Output every entry below exactly as it is written.

# # # # # # #

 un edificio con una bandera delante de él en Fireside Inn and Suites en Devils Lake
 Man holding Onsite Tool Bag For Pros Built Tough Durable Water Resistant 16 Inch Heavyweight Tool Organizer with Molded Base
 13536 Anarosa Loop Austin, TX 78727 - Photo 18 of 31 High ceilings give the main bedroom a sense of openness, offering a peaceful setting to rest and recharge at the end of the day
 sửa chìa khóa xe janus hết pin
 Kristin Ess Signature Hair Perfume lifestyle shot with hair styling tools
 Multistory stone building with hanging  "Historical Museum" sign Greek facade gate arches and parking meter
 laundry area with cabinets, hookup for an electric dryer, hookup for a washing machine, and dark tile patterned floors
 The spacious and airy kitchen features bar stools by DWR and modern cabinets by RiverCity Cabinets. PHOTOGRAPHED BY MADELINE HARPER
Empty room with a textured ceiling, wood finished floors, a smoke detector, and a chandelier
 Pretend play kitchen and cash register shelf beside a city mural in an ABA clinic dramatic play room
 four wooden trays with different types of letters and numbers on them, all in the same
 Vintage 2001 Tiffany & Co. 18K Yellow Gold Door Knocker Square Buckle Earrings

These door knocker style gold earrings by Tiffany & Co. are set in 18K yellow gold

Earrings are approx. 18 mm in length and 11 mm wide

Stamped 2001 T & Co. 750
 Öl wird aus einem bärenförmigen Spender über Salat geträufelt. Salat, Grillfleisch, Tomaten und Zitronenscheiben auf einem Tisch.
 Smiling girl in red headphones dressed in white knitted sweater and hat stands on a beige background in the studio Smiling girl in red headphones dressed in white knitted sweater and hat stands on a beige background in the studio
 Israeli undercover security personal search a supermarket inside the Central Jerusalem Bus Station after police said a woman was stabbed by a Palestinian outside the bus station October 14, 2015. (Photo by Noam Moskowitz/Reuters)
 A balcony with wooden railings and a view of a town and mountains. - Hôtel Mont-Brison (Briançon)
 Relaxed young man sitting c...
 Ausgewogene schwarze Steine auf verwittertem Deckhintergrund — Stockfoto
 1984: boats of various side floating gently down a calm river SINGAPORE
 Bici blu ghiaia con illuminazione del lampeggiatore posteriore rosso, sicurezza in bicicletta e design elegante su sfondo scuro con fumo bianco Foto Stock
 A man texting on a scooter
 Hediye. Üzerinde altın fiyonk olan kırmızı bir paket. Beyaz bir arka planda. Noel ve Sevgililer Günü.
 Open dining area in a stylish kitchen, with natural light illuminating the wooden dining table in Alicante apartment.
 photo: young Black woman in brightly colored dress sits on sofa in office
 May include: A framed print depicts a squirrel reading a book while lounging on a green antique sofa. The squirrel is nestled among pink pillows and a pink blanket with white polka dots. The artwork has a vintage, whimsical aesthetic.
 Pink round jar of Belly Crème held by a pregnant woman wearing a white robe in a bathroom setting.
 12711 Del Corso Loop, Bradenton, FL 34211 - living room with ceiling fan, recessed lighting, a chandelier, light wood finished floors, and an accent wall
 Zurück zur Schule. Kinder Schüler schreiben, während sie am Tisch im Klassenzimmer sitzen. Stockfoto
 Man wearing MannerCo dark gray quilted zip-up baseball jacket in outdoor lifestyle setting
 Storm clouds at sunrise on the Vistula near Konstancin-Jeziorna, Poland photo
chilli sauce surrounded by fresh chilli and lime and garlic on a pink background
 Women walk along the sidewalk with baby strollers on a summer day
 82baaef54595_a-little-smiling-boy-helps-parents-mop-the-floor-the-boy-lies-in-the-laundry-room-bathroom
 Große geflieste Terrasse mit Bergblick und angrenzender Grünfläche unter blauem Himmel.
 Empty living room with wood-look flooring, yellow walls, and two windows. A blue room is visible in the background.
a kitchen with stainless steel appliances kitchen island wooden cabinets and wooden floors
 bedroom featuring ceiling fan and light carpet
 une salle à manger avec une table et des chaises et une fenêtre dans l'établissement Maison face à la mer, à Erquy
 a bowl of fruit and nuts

# # # # # # #

• **ANSWER FOR THIS EXERCISE**
 un edificio con una bandera delante de él en Fireside Inn and Suites en Devils Lake
 Man holding Onsite Tool Bag For Pros Built Tough Durable Water Resistant 16 Inch Heavyweight Tool Organizer with Molded Base
 13536 Anarosa Loop Austin, TX 78727 - Photo 18 of 31 High ceilings give the main bedroom a sense of openness, offering a peaceful setting to rest and recharge at the end of the day
 sửa chìa khóa xe janus hết pin
 Kristin Ess Signature Hair Perfume lifestyle shot with hair styling tools
 Multistory stone building with hanging  "Historical Museum" sign Greek facade gate arches and parking meter
 laundry area with cabinets, hookup for an electric dryer, hookup for a washing machine, and dark tile patterned floors
 The spacious and airy kitchen features bar stools by DWR and modern cabinets by RiverCity Cabinets. PHOTOGRAPHED BY MADELINE HARPER
Empty room with a textured ceiling, wood finished floors, a smoke detector, and a chandelier
 Pretend play kitchen and cash register shelf beside a city mural in an ABA clinic dramatic play room
 four wooden trays with different types of letters and numbers on them, all in the same
 Vintage 2001 Tiffany & Co. 18K Yellow Gold Door Knocker Square Buckle Earrings

These door knocker style gold earrings by Tiffany & Co. are set in 18K yellow gold

Earrings are approx. 18 mm in length and 11 mm wide

Stamped 2001 T & Co. 750
 Öl wird aus einem bärenförmigen Spender über Salat geträufelt. Salat, Grillfleisch, Tomaten und Zitronenscheiben auf einem Tisch.
 Smiling girl in red headphones dressed in white knitted sweater and hat stands on a beige background in the studio Smiling girl in red headphones dressed in white knitted sweater and hat stands on a beige background in the studio
 Israeli undercover security personal search a supermarket inside the Central Jerusalem Bus Station after police said a woman was stabbed by a Palestinian outside the bus station October 14, 2015. (Photo by Noam Moskowitz/Reuters)
 A balcony with wooden railings and a view of a town and mountains. - Hôtel Mont-Brison (Briançon)
 Relaxed young man sitting c...
 Ausgewogene schwarze Steine auf verwittertem Deckhintergrund — Stockfoto
 1984: boats of various side floating gently down a calm river SINGAPORE
 Bici blu ghiaia con illuminazione del lampeggiatore posteriore rosso, sicurezza in bicicletta e design elegante su sfondo scuro con fumo bianco Foto Stock
 A man texting on a scooter
 Hediye. Üzerinde altın fiyonk olan kırmızı bir paket. Beyaz bir arka planda. Noel ve Sevgililer Günü.
 Open dining area in a stylish kitchen, with natural light illuminating the wooden dining table in Alicante apartment.
 photo: young Black woman in brightly colored dress sits on sofa in office
 May include: A framed print depicts a squirrel reading a book while lounging on a green antique sofa. The squirrel is nestled among pink pillows and a pink blanket with white polka dots. The artwork has a vintage, whimsical aesthetic.
 Pink round jar of Belly Crème held by a pregnant woman wearing a white robe in a bathroom setting.
 12711 Del Corso Loop, Bradenton, FL 34211 - living room with ceiling fan, recessed lighting, a chandelier, light wood finished floors, and an accent wall
 Zurück zur Schule. Kinder Schüler schreiben, während sie am Tisch im Klassenzimmer sitzen. Stockfoto
 Man wearing MannerCo dark gray quilted zip-up baseball jacket in outdoor lifestyle setting
 Storm clouds at sunrise on the Vistula near Konstancin-Jeziorna, Poland photo
chilli sauce surrounded by fresh chilli and lime and garlic on a pink background
 Women walk along the sidewalk with baby strollers on a summer day
 82baaef54595_a-little-smiling-boy-helps-parents-mop-the-floor-the-boy-lies-in-the-laundry-room-bathroom
 Große geflieste Terrasse mit Bergblick und angrenzender Grünfläche unter blauem Himmel.
 Empty living room with wood-look flooring, yellow walls, and two windows. A blue room is visible in the background.
a kitchen with stainless steel appliances kitchen island wooden cabinets and wooden floors
 bedroom featuring ceiling fan and light carpet
 une salle à manger avec une table et des chaises et une fenêtre dans l'établissement Maison face à la mer, à Erquy
 a bowl of fruit and nuts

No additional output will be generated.